52. Deputy Michael McGrath asked the Minister for Finance if he was consulted prior to the transfer by Allied Irish Bank of €1 billion in loans to the company pension fund; the funding position of the AIB pension following the transfer; if this transfer counts towards the bank's deleveraging target; the action he took to ensure that the interests of the State as the majority shareholder in AIB was protected; and if he will make a statement on the matter. [46658/12]

Amharc ar fhreagra

Freagraí scríofa

The transfer of €1.1bn (gross) loans assets to the AIB Defined Benefit Pension Scheme was approved by the AIB Board and the Bank's Deleveraging Committee whose members include officials from the Department of Finance and the Central Bank of Ireland in observatory capacities. I am informed by the Bank that the transfer of assets into the AIB pension scheme enabled the Trustee to satisfy the increase in the Minimum Funding Standard requirement. The contribution of these assets, combined with other measures, has significantly improved the Scheme’s actuarial funding position.

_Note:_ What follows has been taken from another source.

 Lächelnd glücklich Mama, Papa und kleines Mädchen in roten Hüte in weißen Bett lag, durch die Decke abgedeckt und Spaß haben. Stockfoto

This transaction forms part of AIB’s continuing strategy to meet non-core deleveraging targets of €20.5bn by December 2013 as set out by the Central Bank of Ireland. Including this transfer, AIB’s total net non-core deleveraging to end September represents 80% of AIB’s overall deleveraging target and exceeds the 2012 deleveraging target.

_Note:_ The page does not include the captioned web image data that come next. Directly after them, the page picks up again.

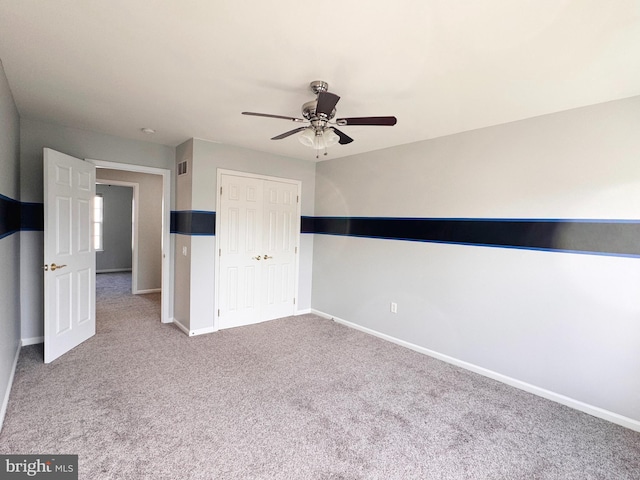 1 Donegal, Newark, DE 19702 - unfurnished bedroom featuring ceiling fan, visible vents, a closet, baseboards, and carpet floors
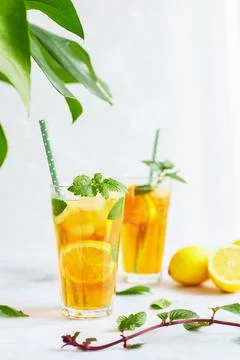 Iced iced tea in a glass with a straw, mint leaf and lemon slices inside. Cool Stock Photos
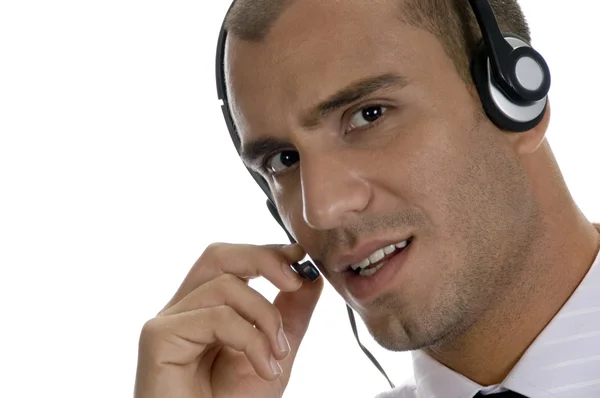 Hombre de negocios sosteniendo altavoz auricular —  Fotos de Stock
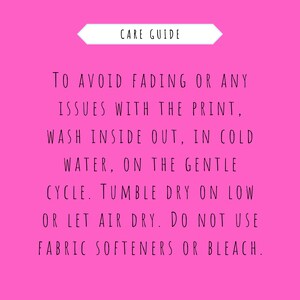 May include: Pink background with white text outlining care instructions for a garment. The text reads: "CARE GUIDE TO AVOID FADING OR ANY ISSUES WITH THE PRINT, WASH INSIDE OUT, IN COLD WATER, ON THE GENTLE CYCLE. TUMBLE DRY ON LOW OR LET AIR DRY. DO NOT USE FABRIC SOFTENERS OR BLEACH."
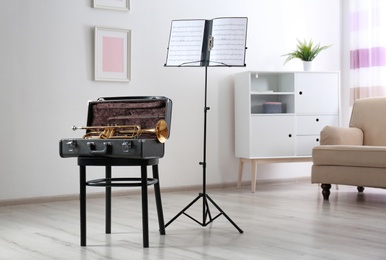 Photo of Trumpet, case and note stand with music sheets in room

The transaction was completed on an arm’s length basis with both the bank and the pension scheme trustees conducting independent valuations of the assets. The Bank has also informed me that it is comfortable that the transfer value of the assets represented a fair price for the bank relative to any open market sale and was in line with the 2011 Prudential Capital Assessment Review (PCAR) assumptions agreed with the Central Bank.

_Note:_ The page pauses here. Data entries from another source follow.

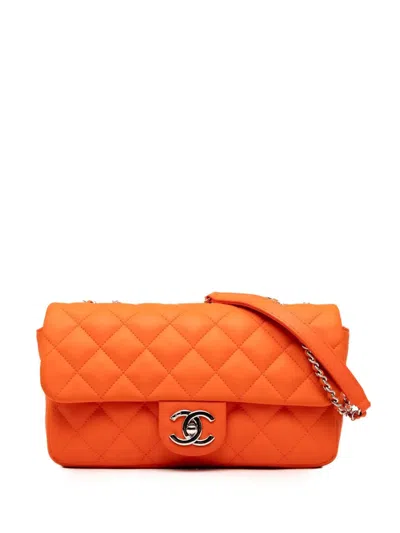Pre-owned Chanel 2016-2017 Medium Quilted Lambskin Rubber Coco Rain Flap Shoulder Bag In Orange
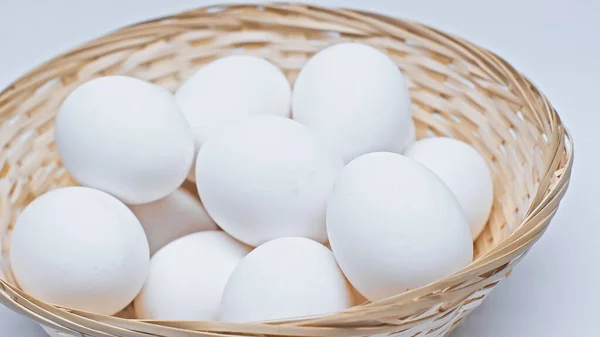 Plenty of chicken eggs in wicker basket on white surface — Stock Photo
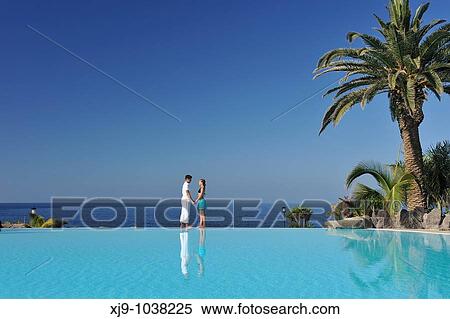 Love face to face with infinity pool reflection View Large Photo Image Stock Photography - Love face to face with infinity pool reflection. Fotosearch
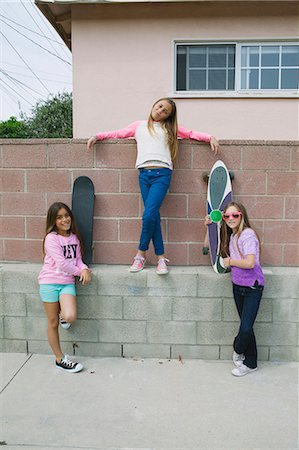 Three girls by wall with skateboards Stock Photo - Premium Royalty-Free, Code: 614-08031144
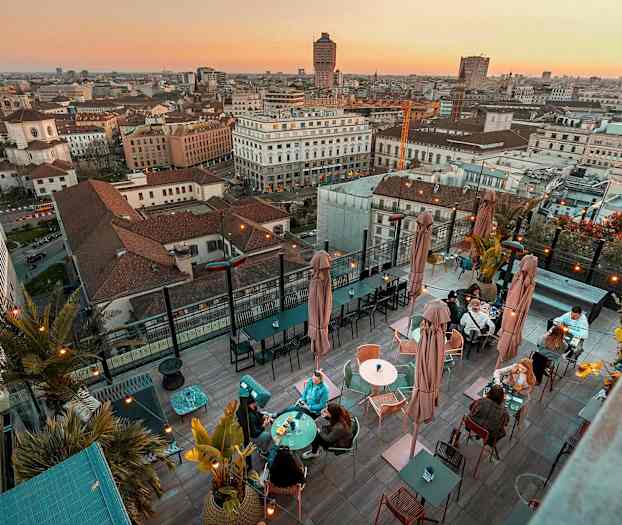 En tagterrasse med borde og siddepladser, omgivet af en panoramaudsigt over en by ved solnedgang. (AI-genereret tekst)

Mortgage Interest Relief Extension

Ceisteanna (53)

Michael Healy-Rae

Ceist:

53. Deputy Michael Healy-Rae asked the Minister for Finance if he will amend legislation relating to tax relief for mortgage interest payments to cater for situations in which a mortgage has been taken out prior to the 31 December 2012, but the mortgage is to be drawn down on a stage payment basis; and if he will amend the law to cater for situations in which building work has commenced prior to 31 December and a first stage payment has been drawn down on the mortgage prior to 31 December (details supplied); and if he will make a statement on the matter. [46681/12]

Amharc ar fhreagra

Freagraí scríofa

As the Deputy is aware, tax relief on interest paid on all qualifying home loans is being phased out. Tax relief on interest paid on qualifying home loans taken out in the period 1 January 2004 to 31 December 2012 will continue up to an including the 2017 tax year. However, tax relief is not available on interest paid on loans taken out on or after 1 January 2013. Likewise, where a residence is under construction, only the interest paid on monies drawn down on or before 31 December 2012 will qualify for tax relief. A qualifying loan for mortgage interest relief is one which without having been used for any other purpose, is used in purchase, repair, development or improvement of a claimant’s principal private residence.

As with all time-limited reliefs, there will always be people who just miss out, and that is why I have been as flexible as possible with the legislation within the current budgetary constraints. However, I do not intend to extend the parameters of the measure any further.